Nominees persist for NASCAR Hall of Fame
April 09, 2013, Kenny Bruce, NASCAR.com
Hendrick, Childress among nine who could be up for consideration again
They have been a part of 23 championships and more than 450 victories as either a driver or team owner in NASCAR’s premier series.
Their names have been among the 25 candidates for induction into the NASCAR Hall of Fame since the very beginning.
Nine men. A lot of hard work and a lot of hardware.
Each name, however, has yet to be called when the list of five has been announced for induction into the NASCAR shrine.
This year’s list of nominees will be announced Wednesday (SPEED, 6 p.m.). While there are no guarantees their names will appear once more, it’s likely that these nine will be among those announced, put forth once again for consideration:
"There’s Fireball (Roberts) and (Joe) Weatherly and Tim Flock, Red Byron and Raymond Parks. … That’s five really, really old-timers."

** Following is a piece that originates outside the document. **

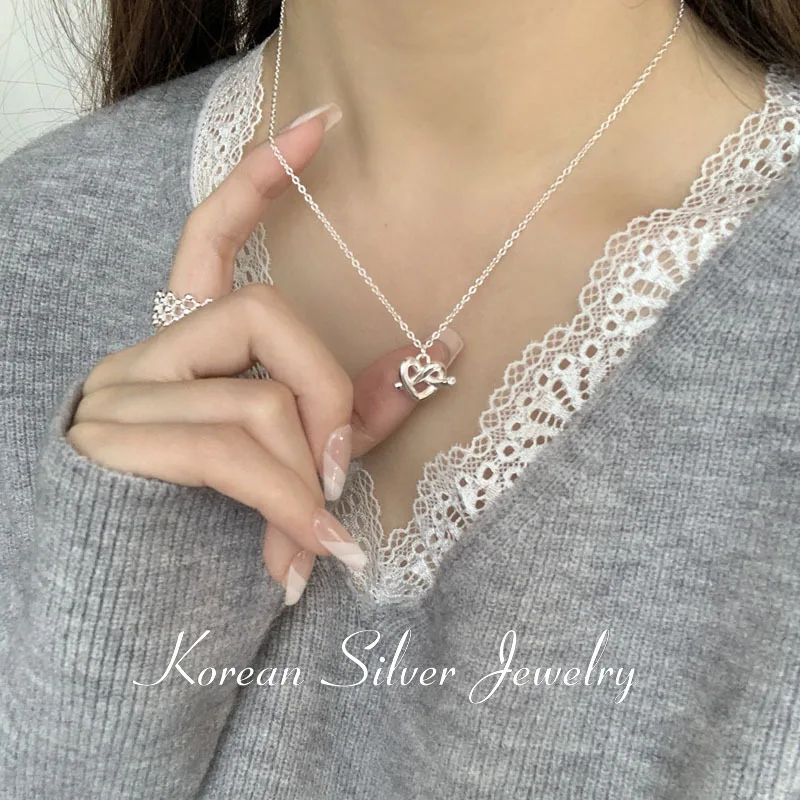 

Japanese and Korean New S925 Sterling Silver Heart-Shaped Design Necklace for Women Simple Elegant Ins Internet Celebrity Xiaoho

-- Glen Wood, 2012 NASCAR Hall of Fame inductee
• Richard Childress and Rick Hendrick continue to push forward in the sport, successful team owners that field competitive teams and contend for championships.
• Atlanta businessman Raymond Parks, credited with helping fund the fledgling NASCAR series in its infancy, was the sport’s first “Strictly Stock” championship-winning car owner.

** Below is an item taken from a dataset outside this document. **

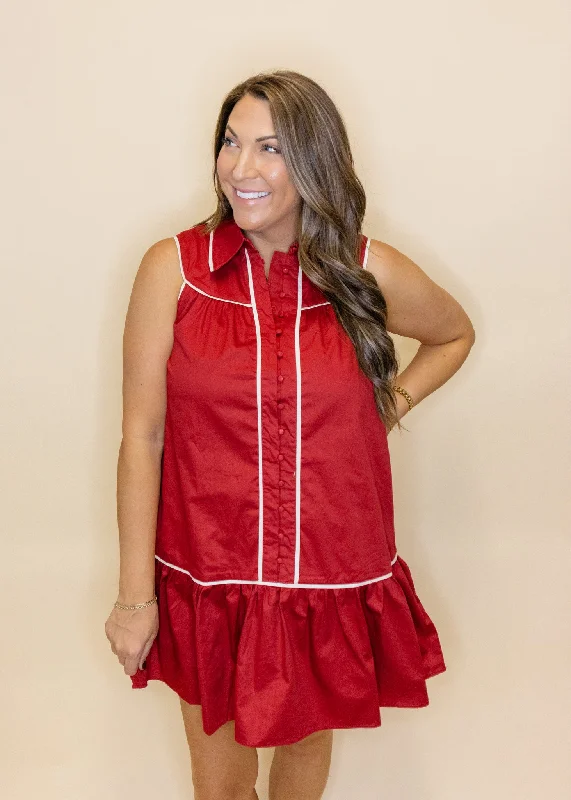 Crimson & White Button Up Dress Tunics Timeless classic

• Red Byron suffered a serious leg injury when the plane he was aboard was hit during World War II. Already a standout racer before the war, Byron returned, recovered and won the series’ first driving title while competing for Parks.

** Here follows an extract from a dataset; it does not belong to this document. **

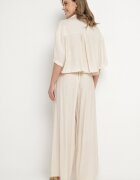 lovery Compleu Bej Din Viscoză Oversize Cămașă Cu Mânecă Scurtă Și Pantaloni Dovilissea
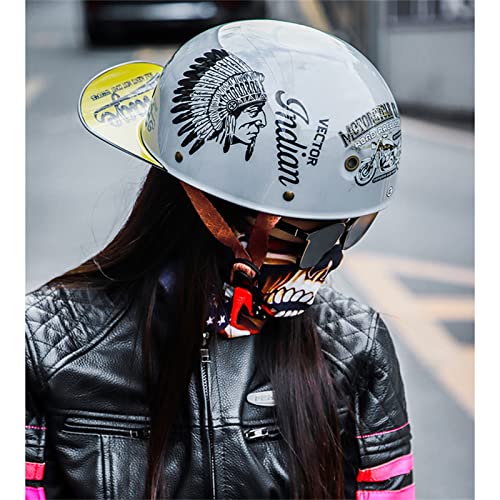 BGMKE Retro Motorrad Half Helm Vintage Erwachsene Roller Moped Baseball Cap Retro Halbschale Jet-Helm ECE Zertifizierung Motorrad-Helm Brain-Cap Roller-Helm Scooter-Helm Chopper Mofa Helm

• Tim Flock and Joe Weatherly are the only two eligible candidates with multiple championships not currently in the Hall of Fame. Flock won titles in 1952 and ’55; Weatherly in ’62-63. Each driver won more than two dozen races.
• Driver Benny Parsons won the 1973 Cup championship and finished his career with 21 victories, including the 1975 Daytona 500. After retiring as a driver, Parsons became a well-known figure in the broadcast booth.
• Glen “Fireball” Roberts and Curtis Turner were two of the sport’s early stars. Turner scored 17 career victories, dominating races on both dirt and asphalt, and counts the 1956 Southern 500 at Darlington among his wins. He was also instrumental in the building of Charlotte Motor Speedway. Roberts tasted victory 33 times. He won at Darlington, captured the 1962 Daytona 500 and finished fifth or higher in points on three occasions.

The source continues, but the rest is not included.